Keeping Sisters vibrant in the face of change

Growth and change in Sisters are nothing new to Debbie Newport. She’s seen a lot of both in a lifetime spent here.

Her family — the Dyers — have deep roots in Sisters and Camp Sherman. Newport served Sisters schools as an educator and has worked with nonprofits to the betterment of the community, from the Sisters Folk Festival to Circle of Friends.

Newport is one of the panelists in the Keeping Sisters “Sisters”: Navigating Change in a Growing Community forum set for May 12 at the Sisters Fire Hall Community Room. The event is sponsored by Citizens4Community (C4C) and The Nugget Newspaper.

Newport will offer a historical perspective on growth and change — but a particular kind of historical perspective.

“It’s not so much the history of Sisters that’s important in this context — it’s the history of community building,” she said.

For Newport, a hinge point for Sisters came in 1989. In the 1970s, the town had begun to find its way forward as the timber economy changed. Brooks Resources invested in creating a Western architectural theme downtown, and Sisters began to attract tourism. The Sisters Outdoor Quilt Show came into being. The town weathered a severe recession in the early 1980s and continued to slowly evolve into a tourist town.

But something was lacking.

“As tourism began to develop, I think people were pretty excited about it,” Newport said. “But I don’t think there was core to the community at that point.”

In 1989, a wide range of community members — about 200 of them, a huge proportion of a small town — gathered at the Sisters Rodeo Grounds to decide what they wanted to become as a community. Thoughts quickly coalesced around a need to return the students who were going to high school in Redmond back to the community, around the idea of building a high school that would become a community hub.

“Having our kids back and having them grow up in the community was key,” Newport recalled.

That’s what happened. The community passed a bond, and built what would become Sisters Middle/High School, which opened in 1992. It’s now Sisters Middle School.

In Newport’s estimation, something less tangible but equally important came out of that 1989 gathering. Sisters became a community that was very intentional about what it wanted to become. People got in the habit of coming together to hash out a vision.

“That kind of became who we were and how we did things,” she said. “I guess as you get bigger, that gets harder. Now we do it with a survey.”

Newport believes that retaining that quality of intentionality and a willingness to get together as a community, decide what we want to do, and roll up our sleeves and get to work is vital if we are, indeed, to “keep Sisters ‘Sisters.’”

“I think C4C is really important in that role,” she said.

Fostering active, civil discourse has become more challenging in recent years, as the social and political culture nationwide has grown more rancorous. The COVID-19 pandemic has thrown a wrench into efforts to bring people together. Social media makes it easier to weigh in from your computer, without the requirement to physically show up and act.

“I think without personal investment, we lose that commitment, maybe,” she said. “‘Showing up’ looks different and is less demanding.”

Newport sees value in the May 12 forum, where panelists will lay out the framework under which growth is managed in Oregon and in Sisters.

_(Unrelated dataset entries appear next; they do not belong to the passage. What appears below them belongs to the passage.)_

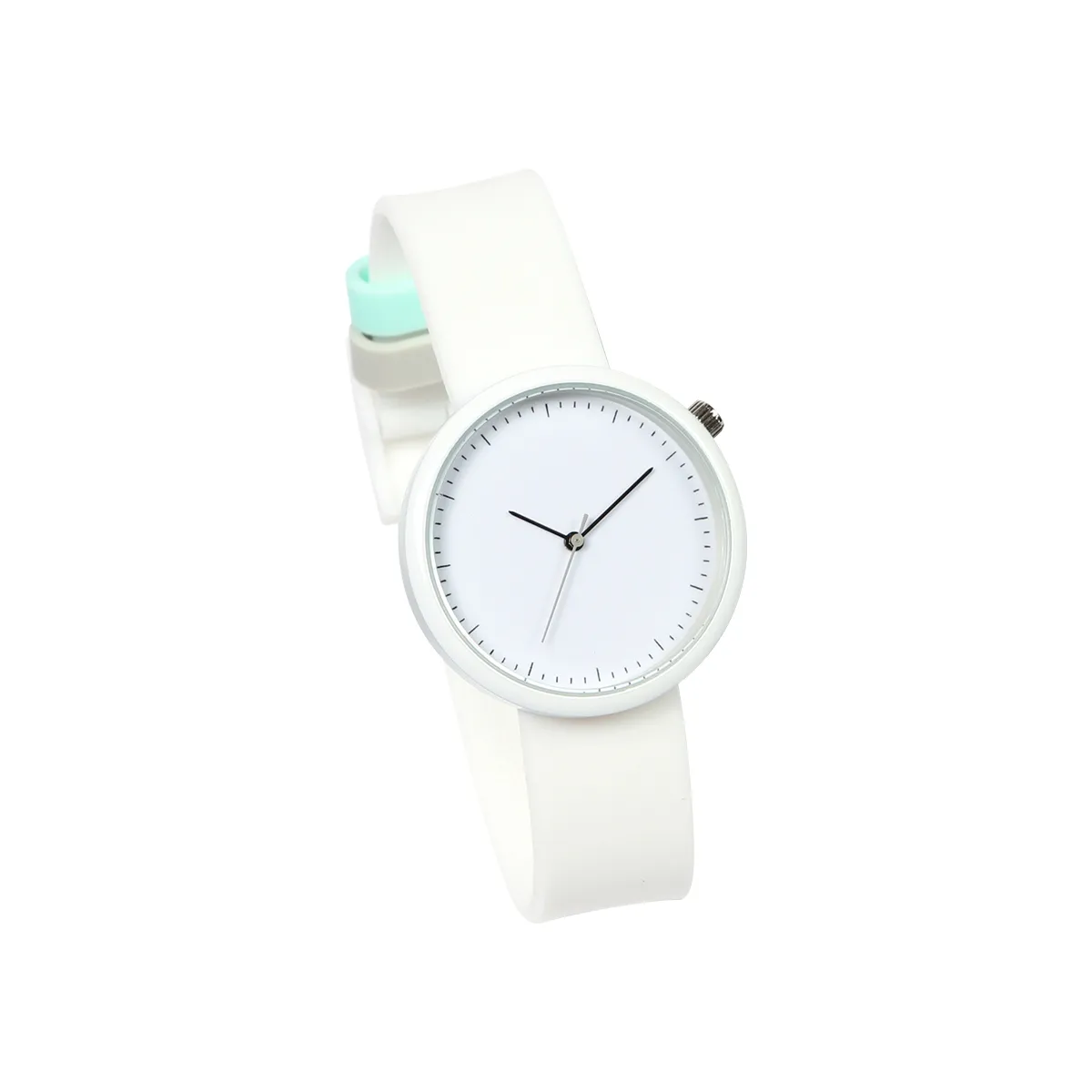 Reloj promocionales de pulso 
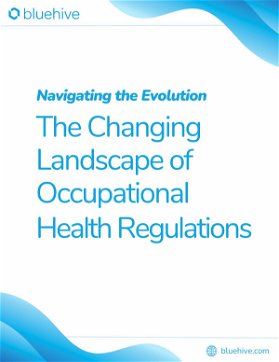 The Changing Landscape of Occupational Health Regulations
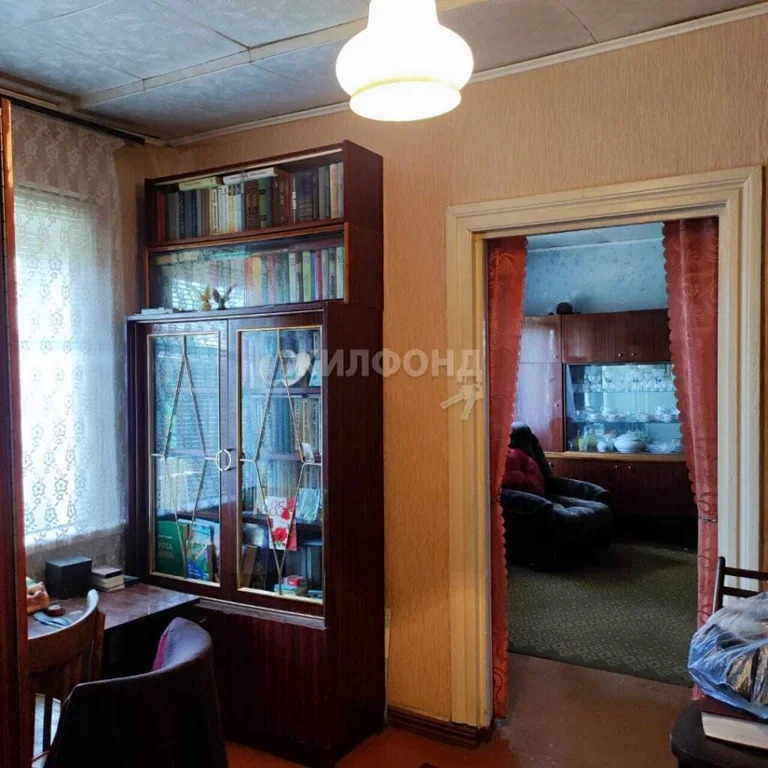 Продажа дома, Новосибирск, ул. Большая - Фото 10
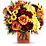 Autumn Expression Flowers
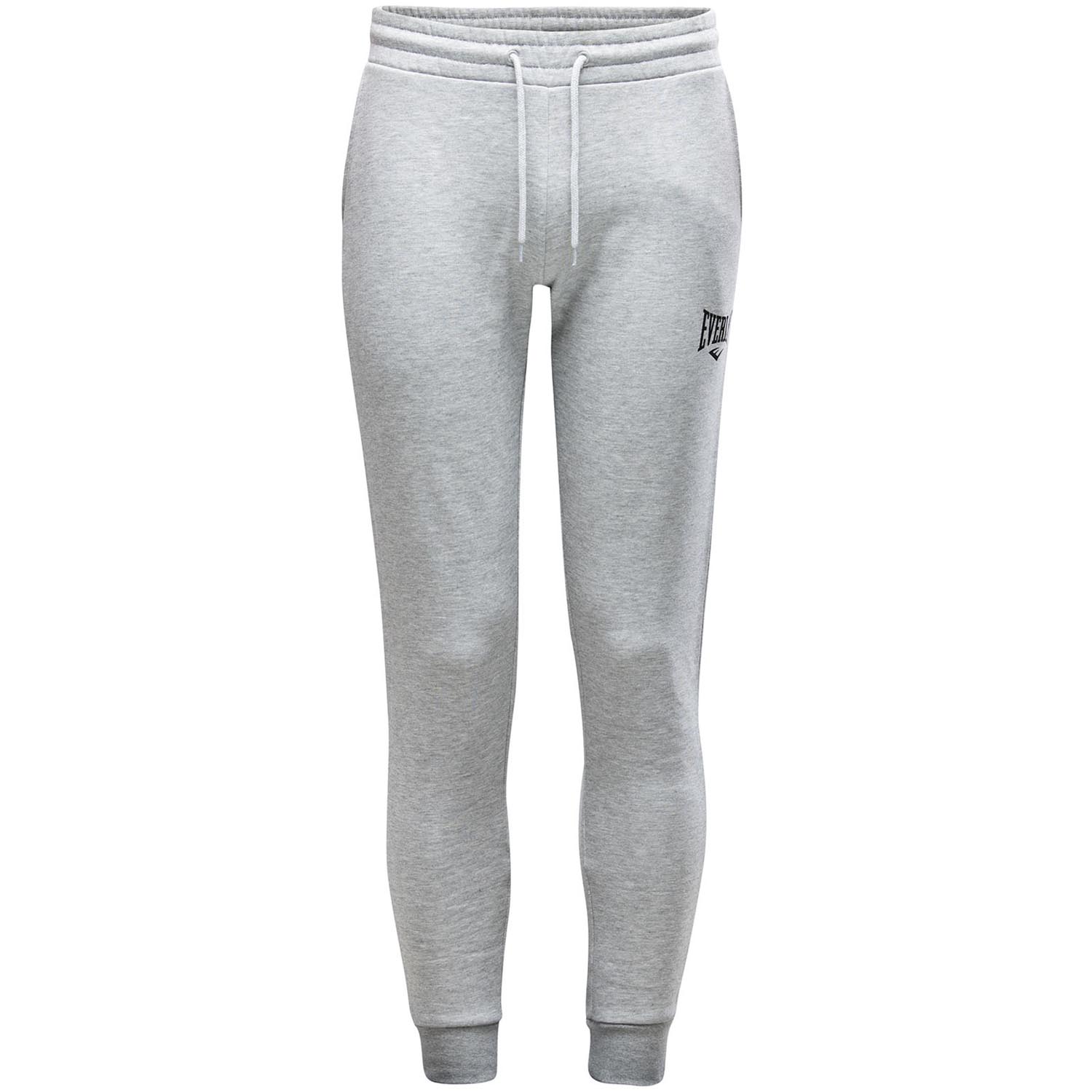 Everlast Jogging Pants, Audubon, grey, XL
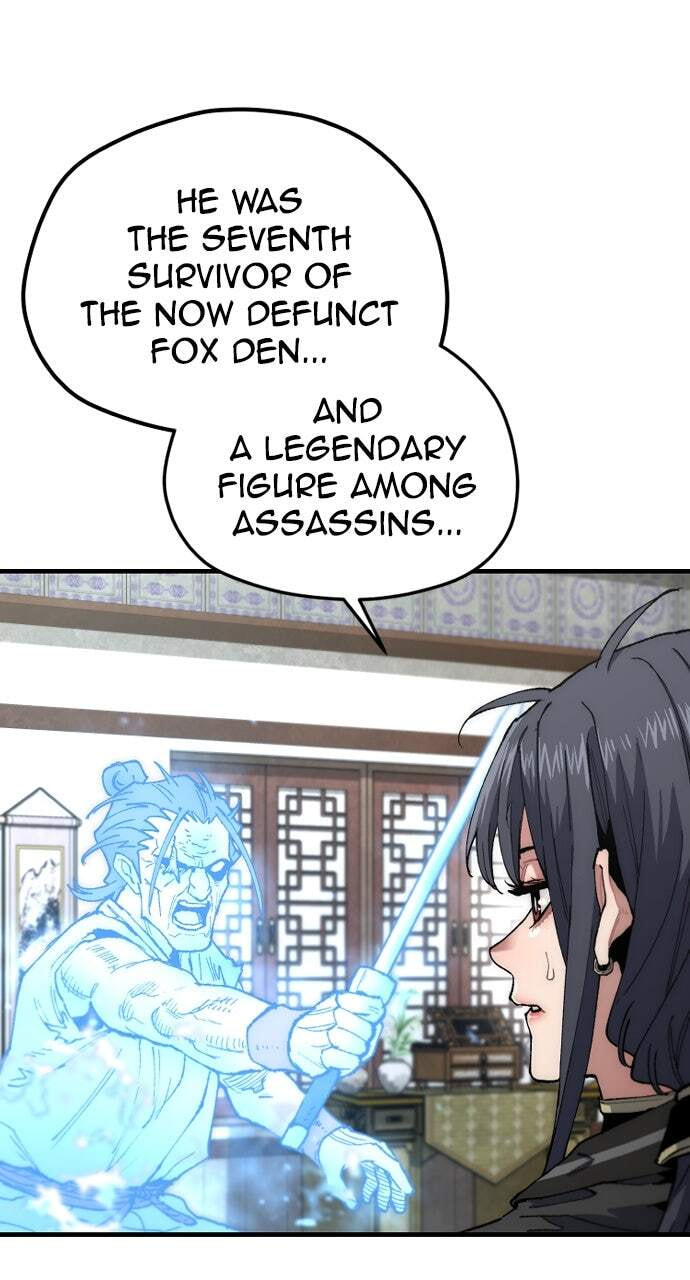Murim RPG Simulation Chapter 189 page 72 - 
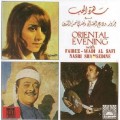 Buy Fairuz - Oriental Evening (Sahret El Hub) Mp3 Download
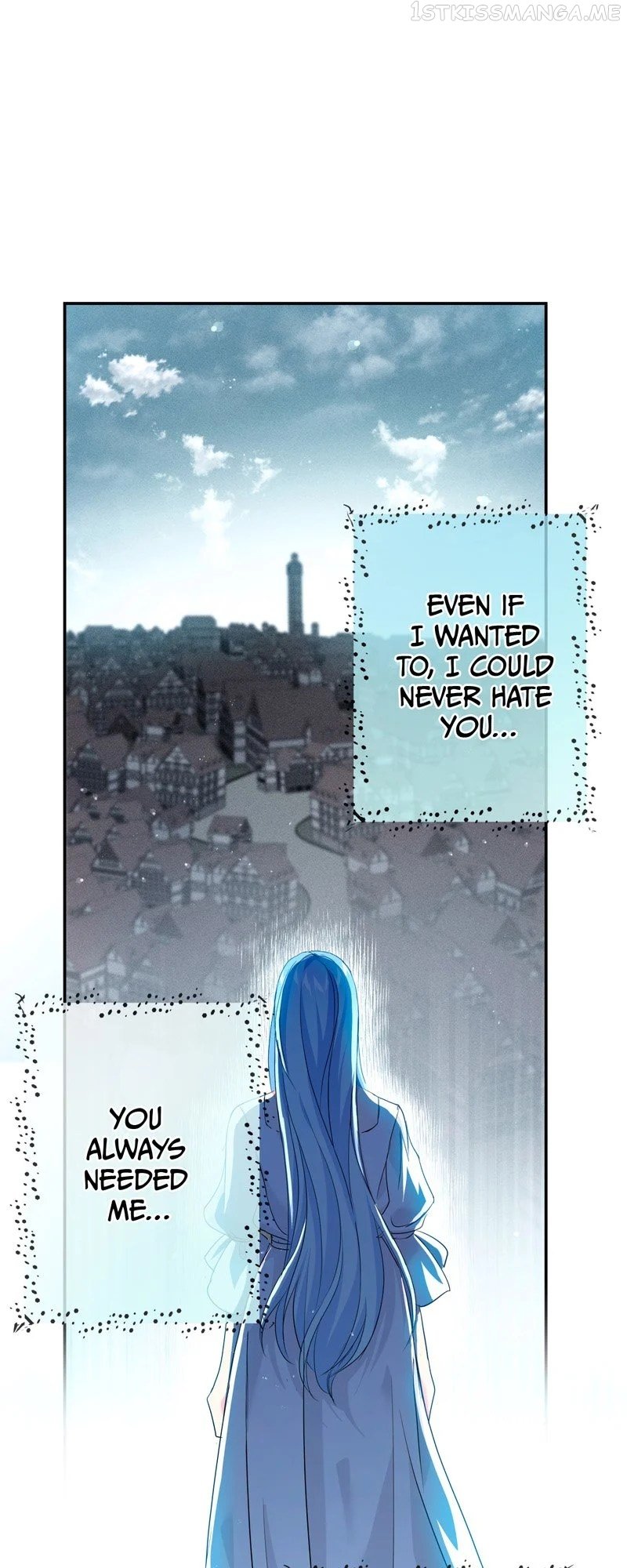 I’m a Villainess, Can I Die? Chapter 30.5 - page 6
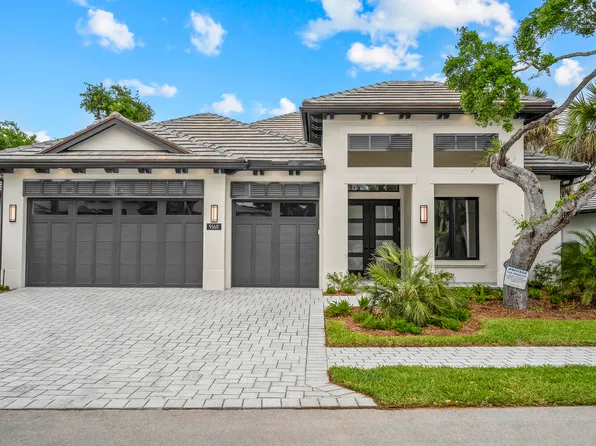 9160 Seaglass Court, Vero Beach, FL 32963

“I think it’s about truly understanding the legal implications and dynamics of all of the things that impact growth,” she said.

Can the community really shape the level of growth Sisters is experiencing with the vast changes in the way people are living and working in the 2020s?

“I don’t know, but I hope we have some means to impact that,” she said. “And what does it mean if you do?”

Newport emphasizes that her long tenure here gives her some perspective, but she is just one voice in what should be a vigorous community discussion.

“I have no more right than anybody to say, ‘this is how it will be,’” she said. “But we have the ability as a community to come together and impact how things will be. That’s my hope.”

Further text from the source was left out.